L’idea principale è avere molte meno auto e quelle poche che ci sono devono essere elettriche e devono andare molto più piano rispetto alla situazione attuale. L’ideale è il concetto di “Città 30” come è già stato fatto a Bologna. Questo provvedimento ribalta gli equilibri sulle strade, restituendo la città alle persone e riducendo il rischio di collisioni letali sulle strade. Molte città europee stanno andando in questa direzione. Non si tratta di mettere semplicemente dei cartelli, ma una concezione diversa dello spazio pubblico e delle strade, con un lavoro di accompagnamento della cittadinanza al cambiamento.

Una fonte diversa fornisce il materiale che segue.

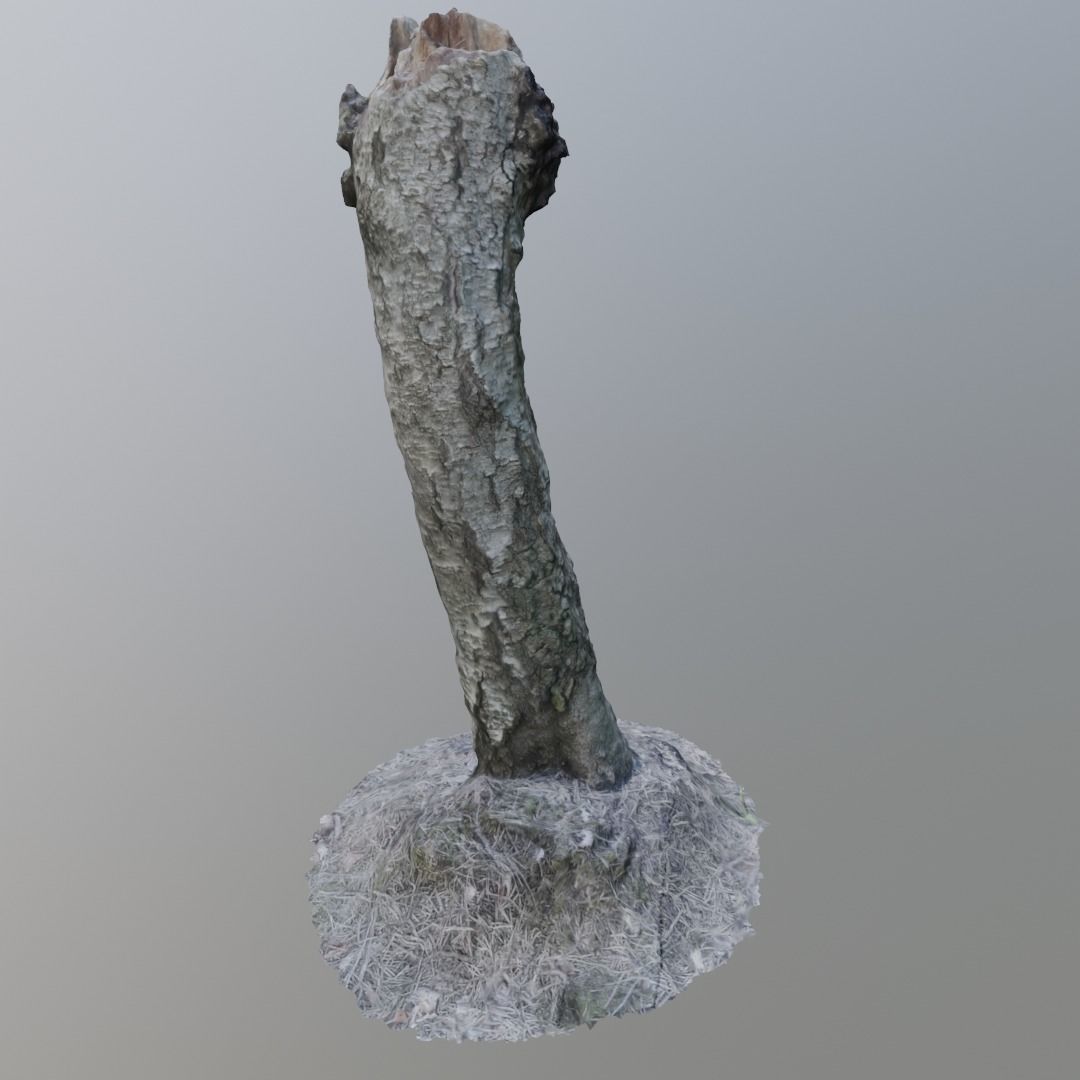 3D Scanned Stump 13 3D model_1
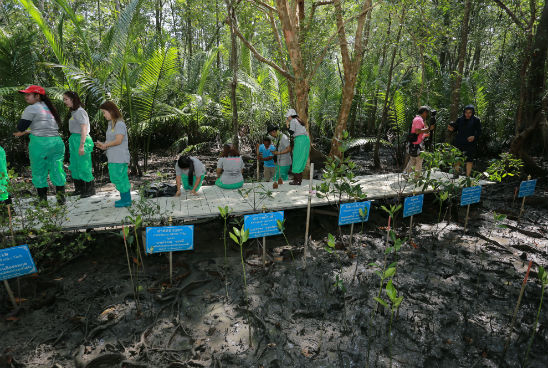 Conserving Mangroves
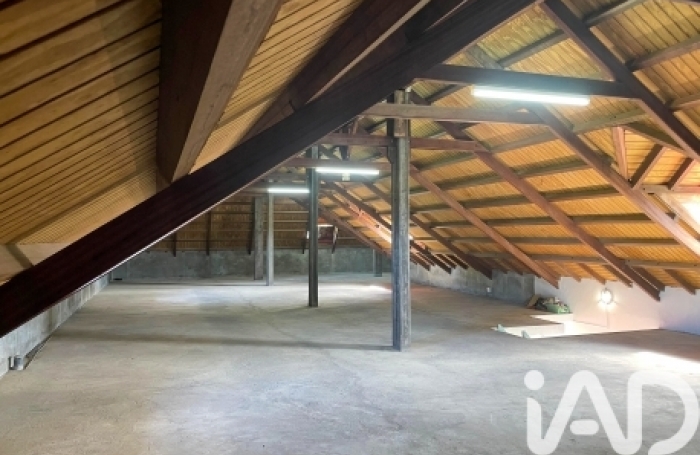 Vente Maison 503m&sup2; 10 pièces Gourbeyre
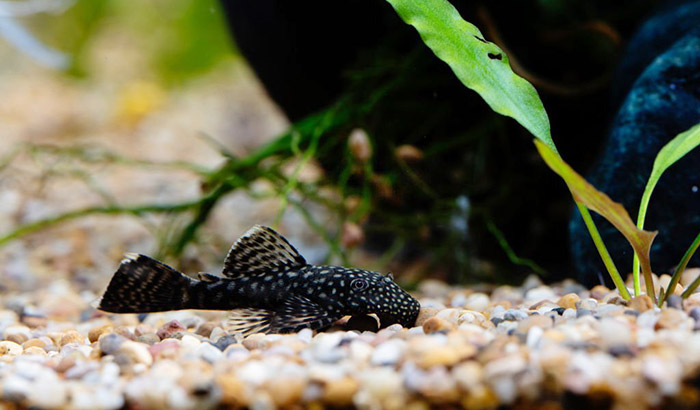 best food for pleco growth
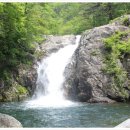 용추그린하우스 이미지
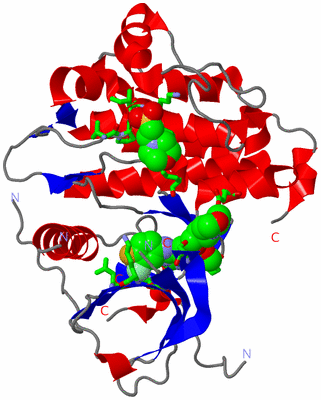 Image Asym. Unit - sites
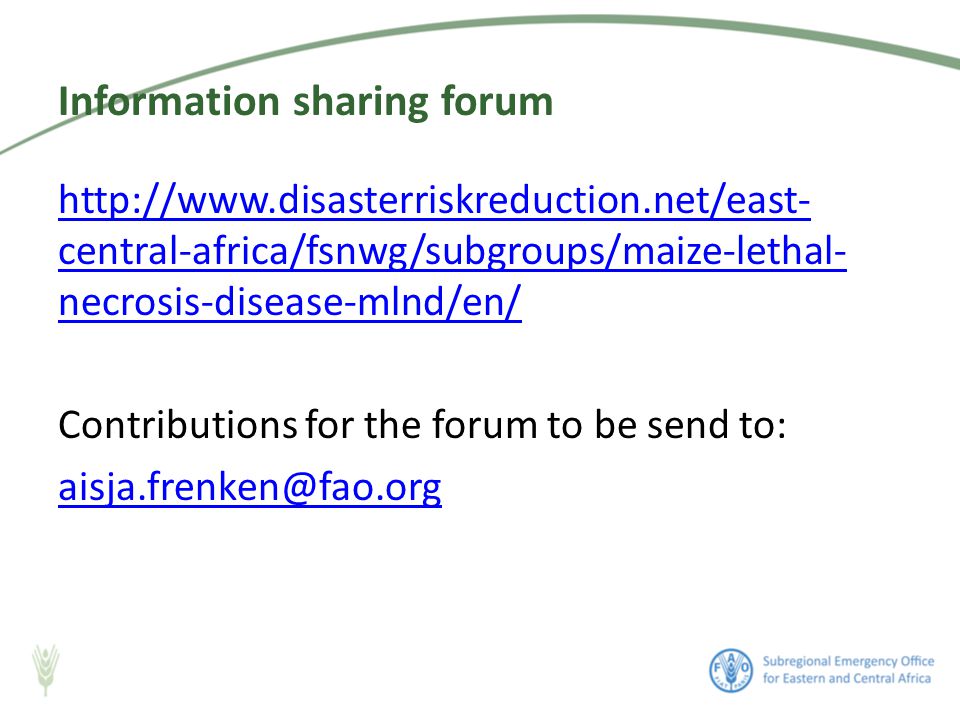 central-africa/fsnwg/subgroups/maize-lethal- necrosis-disease-mlnd/en/ Contributions for the forum to be send to: Information sharing forum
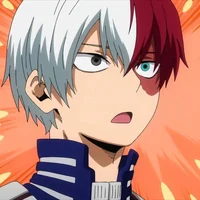 Shoto todoroki 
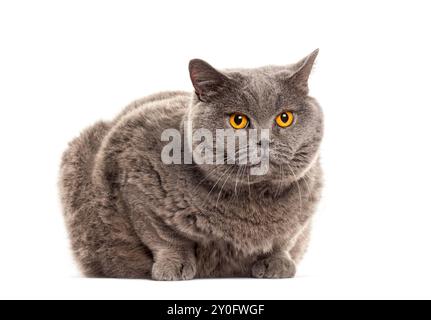 Grande gatto grigio shorthair seduto e in posa su sfondo bianco Foto Stock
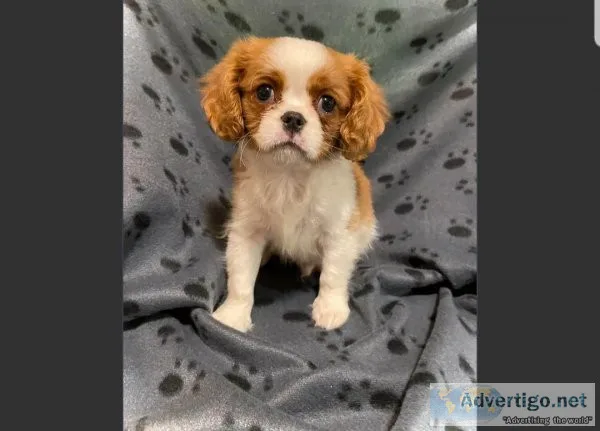 Male Cavalier King Charles Spaniel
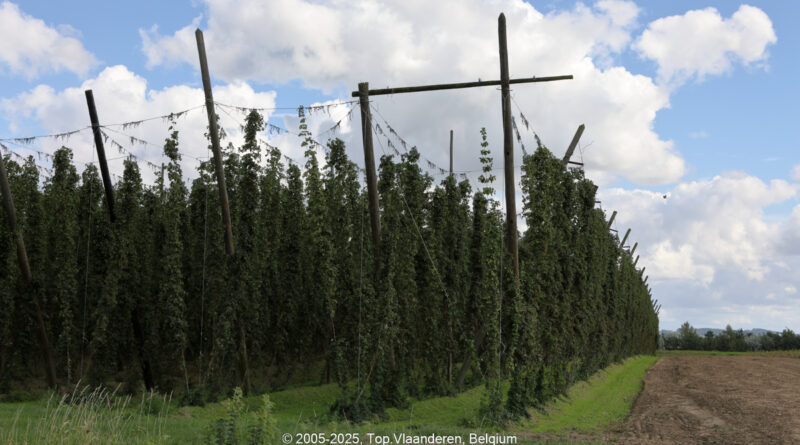 GPS: 50°50'16.746" N 2°42'4.3812" E Altitude: 3,4 m -  -  -   -  -   -  -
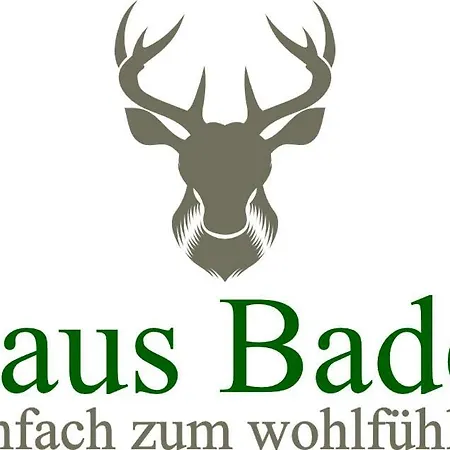 Haus Bader * Виллинген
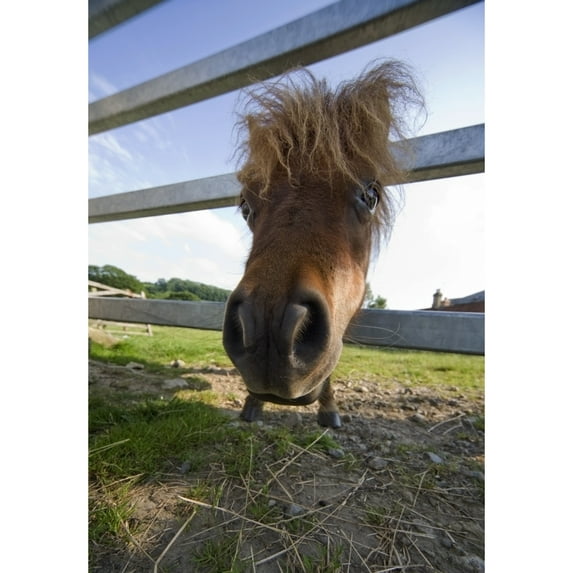 Posterazzi DPI1837626 North Yorkshire England - Horse Looking Through Fence Poster Print, 11 x 17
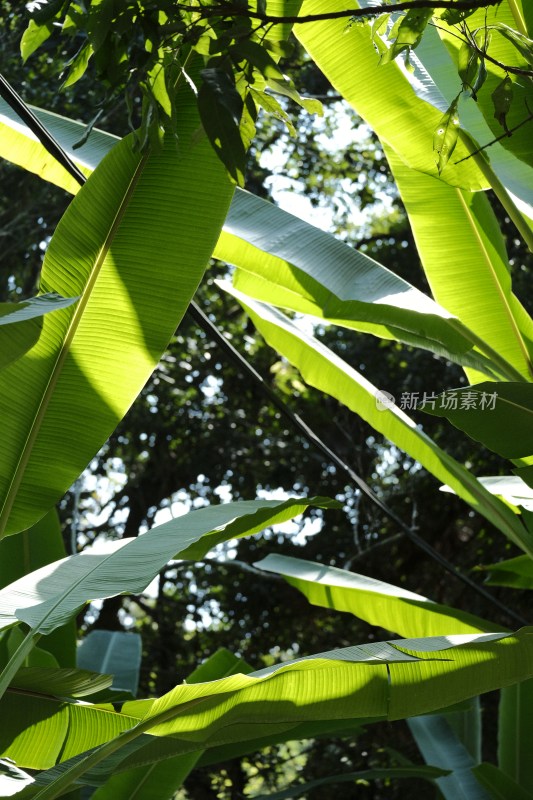 阳光下的宽大绿色植物叶片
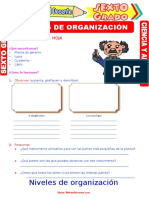 Niveles de Organización para Sexto Grado de Primaria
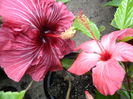SAM_0418
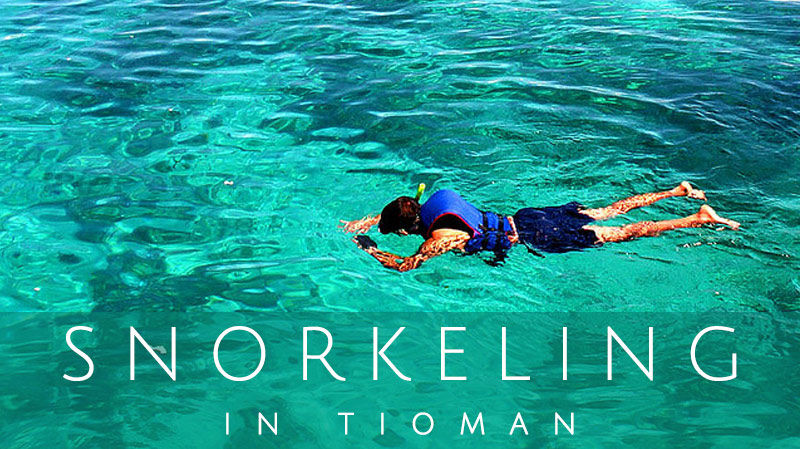 Photo of Why snorkeling should be included in your bucket list ! 2/3 by Shama Kishore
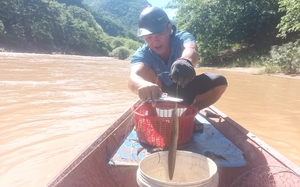 Một dòng sông chảy từ đất Lào vào Nghệ An, dân đi câu loài cá gì mà ví như &quot;đi săn thủy quái&quot;?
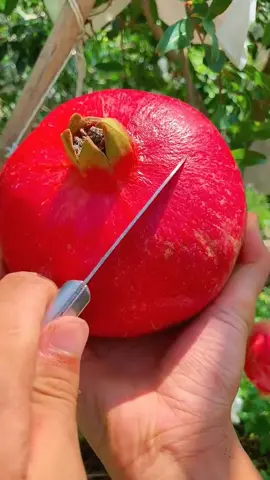 #رمان #رمانه #رمانة #احمر #الاشجار #سوريا #حوران #حوراني #سوريا_تركيا_العراق_السعودية_الكويت #بص #ادخل #سوريا #المهندس_محمود_السليمان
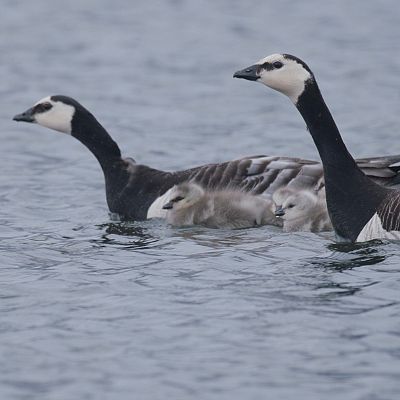 Turisme Rural al Món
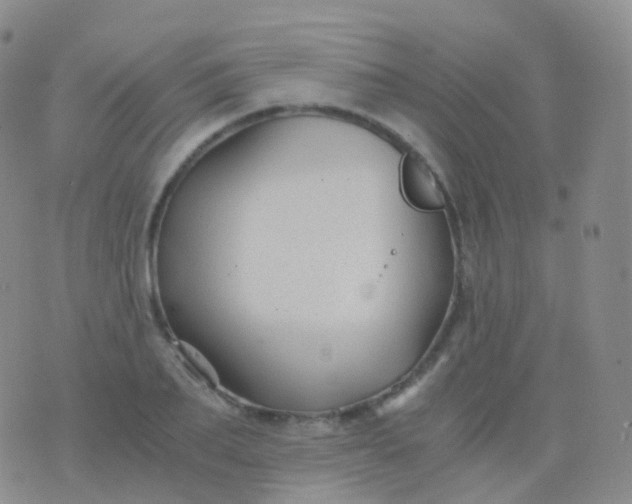 X0000076430887200610202242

In città, come a Torino per esempio, si tende a guidare a velocità elevate, ma con una modalità di accelerazione-rallentamento continuo. Il risultato è che la media è di 21 km/h, ma con picchi alti che aumentano il rischio di danni letali in caso di collisioni. L’idea dunque è ridurre la velocità massima, appunto portandola a 30 km/h, ma in maniera costante in modo da impiegare quasi lo stesso tempo di percorrenza, come è stato dimostrato da studi fatti a Bruxelles.

Bike Pride 2022 @ Stefano Druetta 2
Foto di Stefano Druetta

Questo permette agli altri utenti della strada, a piedi e in bici, di muoversi più in sicurezza: 30 km/h si riduce il rischio di danni gravi in caso di collisioni. È stato mostrato che la differenza di danni tra i 50 e i 30 km/h è paragonabile a quella tra un’auto lanciata dal terzo piano e quella dal primo. Parallelamente questa scelta facilita l’uso di altri mezzi come per esempio la bicicletta, perché ci si sente più sicuri.

Guardiamo con grande attenzione l’esperienza di Bologna, che ufficialmente è diventata Città 30 a luglio. Si dovrebbe investire su infrastrutture di moderazione del traffico, infrastrutture per la ciclabilità, aumentare le aree pedonali, a partire dalle strade scolastiche ovviamente tanta comunicazione e sensibilizzazione. Il 60% degli spostamenti in ambito urbano compiuti con la macchina è inferiore ai 5 chilometri e il 40% sotto i 3. Quindi molti di questi spostamenti potrebbe essere fatta in bici o addirittura a piedi, una città 30 facilita il cambio di mobilità.

Non è un conflitto tra utenti, tra ciclisti e automobilisti: lo spazio è delle persone, che di volta in volta scelgono cosa è meglio usare. Se non puoi pedalare prenderai il bus o andrai a piedi, se domani devi fare un trasloco affitterai un furgone. Dobbiamo capire che non sempre l’auto è la soluzione migliore, ma è solo una delle opzioni e una città va ripensata per far sì che non sia più la scelta più “conveniente”. Tra l’altro il Bike Pride 2023, XII edizione, che si terrà domenica 22 ottobre, è dedicato proprio al tema Città 30.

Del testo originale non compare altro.